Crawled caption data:
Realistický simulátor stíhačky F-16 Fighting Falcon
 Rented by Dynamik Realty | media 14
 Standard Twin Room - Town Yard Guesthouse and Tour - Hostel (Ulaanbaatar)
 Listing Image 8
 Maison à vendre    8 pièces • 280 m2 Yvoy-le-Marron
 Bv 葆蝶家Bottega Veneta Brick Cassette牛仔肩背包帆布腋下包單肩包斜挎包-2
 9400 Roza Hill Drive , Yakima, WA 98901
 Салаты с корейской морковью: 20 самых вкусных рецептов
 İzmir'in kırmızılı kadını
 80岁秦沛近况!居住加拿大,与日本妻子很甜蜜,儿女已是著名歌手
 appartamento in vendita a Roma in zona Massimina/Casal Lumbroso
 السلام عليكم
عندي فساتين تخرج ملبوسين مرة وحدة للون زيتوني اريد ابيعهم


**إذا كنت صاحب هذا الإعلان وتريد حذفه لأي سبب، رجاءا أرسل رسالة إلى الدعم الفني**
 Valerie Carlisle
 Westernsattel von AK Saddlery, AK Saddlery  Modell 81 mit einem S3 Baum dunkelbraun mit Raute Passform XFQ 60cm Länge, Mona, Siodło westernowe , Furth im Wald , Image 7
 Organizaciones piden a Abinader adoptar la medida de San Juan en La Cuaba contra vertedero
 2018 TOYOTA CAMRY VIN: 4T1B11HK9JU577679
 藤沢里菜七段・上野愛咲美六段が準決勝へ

● WHAT YOU HAVE TO DO
What you return should match the data character for character.

● YOUR RESPONSE
Realistický simulátor stíhačky F-16 Fighting Falcon
 Rented by Dynamik Realty | media 14
 Standard Twin Room - Town Yard Guesthouse and Tour - Hostel (Ulaanbaatar)
 Listing Image 8
 Maison à vendre    8 pièces • 280 m2 Yvoy-le-Marron
 Bv 葆蝶家Bottega Veneta Brick Cassette牛仔肩背包帆布腋下包單肩包斜挎包-2
 9400 Roza Hill Drive , Yakima, WA 98901
 Салаты с корейской морковью: 20 самых вкусных рецептов
 İzmir'in kırmızılı kadını
 80岁秦沛近况!居住加拿大,与日本妻子很甜蜜,儿女已是著名歌手
 appartamento in vendita a Roma in zona Massimina/Casal Lumbroso
 السلام عليكم
عندي فساتين تخرج ملبوسين مرة وحدة للون زيتوني اريد ابيعهم


**إذا كنت صاحب هذا الإعلان وتريد حذفه لأي سبب، رجاءا أرسل رسالة إلى الدعم الفني**
 Valerie Carlisle
 Westernsattel von AK Saddlery, AK Saddlery  Modell 81 mit einem S3 Baum dunkelbraun mit Raute Passform XFQ 60cm Länge, Mona, Siodło westernowe , Furth im Wald , Image 7
 Organizaciones piden a Abinader adoptar la medida de San Juan en La Cuaba contra vertedero
 2018 TOYOTA CAMRY VIN: 4T1B11HK9JU577679
 藤沢里菜七段・上野愛咲美六段が準決勝へ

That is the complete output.